President Julius Maada Bio has just marked a year at the helm of state in Sierra Leone, amid challenging economic conditions.  Impressively, the president and his team have been able to keep the ship of state afloat by relying mainly on tax revenues.

Sierra Leone’s National Revenue Authority (NRA), the body responsible for the assessment and collection of government revenue, has modernized a hitherto moribund system of tax administration and financial management.

This, among other things, has strengthened awareness of the link between taxation, expenditure and accountability and legitimacy of the State.

Ostensibly, the NRA has broadened the domestic tax base, improved tax compliance, and curbed tax evasion thereby increasing tax revenues.
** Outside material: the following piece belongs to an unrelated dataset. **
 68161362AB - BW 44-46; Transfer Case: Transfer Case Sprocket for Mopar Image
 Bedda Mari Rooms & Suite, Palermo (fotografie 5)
Still, president Bio and his team must steer the ship of state in a turbulent water of malfeasance and cravenness inherited from Ernest Bai Koroma, the man known by his admirers as “World’s Best”.

The politics of “World’s Best” was one of venality and pusillanimity.  In like manner, it was also brazenly characterized by the massive looting of the national treasury to the detriment of the suffering masses of Sierra Leone.

Nonetheless, Bio has never given the impression that he was not capable of turning things around and anchoring Sierra Leone on a footing that would spur economic development and prosperity.  Indeed, the signs of this are as palpable as they are auspicious.

For example, by establishing the Directorate of Science, Technology and Innovation under the directorship of an MIT- trained scientist, Bio has positioned Sierra Leone as a country that can leapfrog in science, technology and innovation.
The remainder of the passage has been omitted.